I attest that I am tobacco-free and have not used any tobacco product in the last 6 months preceding signing this affdavit. I also commit to being tobacco-free for the next 12 months. Tobacco-free means I have not used cigarettes, pipes, cigars, chewing tobacco, snuff, or any other type of smoking or smokeless tobacco. I understand that one usage of any tobacco product is considered tobacco use.

I am currently a tobacco user, or I have used tobacco products in the last 6 months preceding signing this affdavit, and I commit to enrolling and completing a Tobacco Cessation program.

I am a current tobacco user and I am not willing to commit to enrolling in a Tobacco Cessation program at this time.

I understand the nature and content of this document, I am of legal age, and I am fully competent to truthfully execute this affidavit.

I certify that, if this information changes in the next 12 months, I will notify _______________. I also

understand that providing false information is considered fraud and will result in disciplinary action.

Choose One: Employee

Spouse

Domestic Partner

If spouse or domestic partner, please list employee’s name: ______________________________

Last 4 digits of SS#: ___________ Gender: Male

Female

Employee ID (optional): _____________________________________ Date of Birth: _____________

E-mail Address: _____________________________________________________________________

Signature: _______________________________________________________Date: _____________

How to Edit Tobacco Affidavit Online for Free

The PDF editor was designed to be so simple as it can be. As soon as you follow the following steps, the procedure for preparing the wv peia smoking affidavit document will be effortless.

Step 1: Click the "Get Form Now" button to get started on.

Step 2: You'll find all of the options that you may use on the document after you've accessed the wv peia smoking affidavit editing page.

These particular areas will create the PDF file that you will be filling out:

portion of blanks in PEIA

Put the demanded data in the truthfully execute this affidavit, I certify that if this information, understand that providing false, Choose One, Employee, Spouse, Domestic Partner, If spouse or domestic partner, Last digits of SS Gender Male, Employee ID optional Date of, Female, Email Address, and Signature Date area.

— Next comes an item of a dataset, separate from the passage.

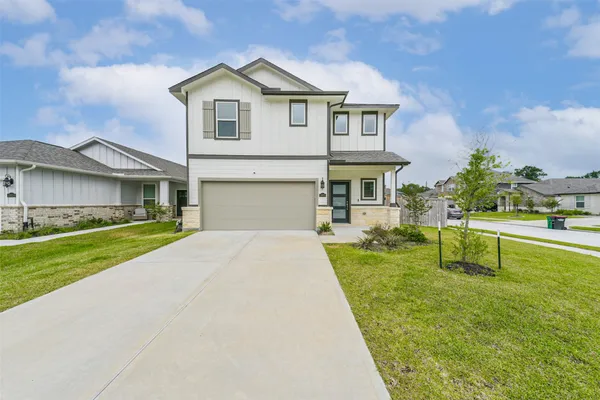 $2,400 | 18602 Etta Pnes Circle, Crosby, TX 77532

PEIA truthfully execute this affidavit, I certify that if this information, understand that providing false, Choose One, Employee, Spouse, Domestic Partner, If spouse or domestic partner, Last  digits of SS  Gender Male, Employee ID optional  Date of, Female, Email Address, and Signature Date blanks to complete

Step 3: Hit the "Done" button. Now it's easy to upload the PDF file to your device. Besides, you can easily send it through electronic mail.

Step 4: Prepare at least several copies of the form to keep away from all of the future troubles.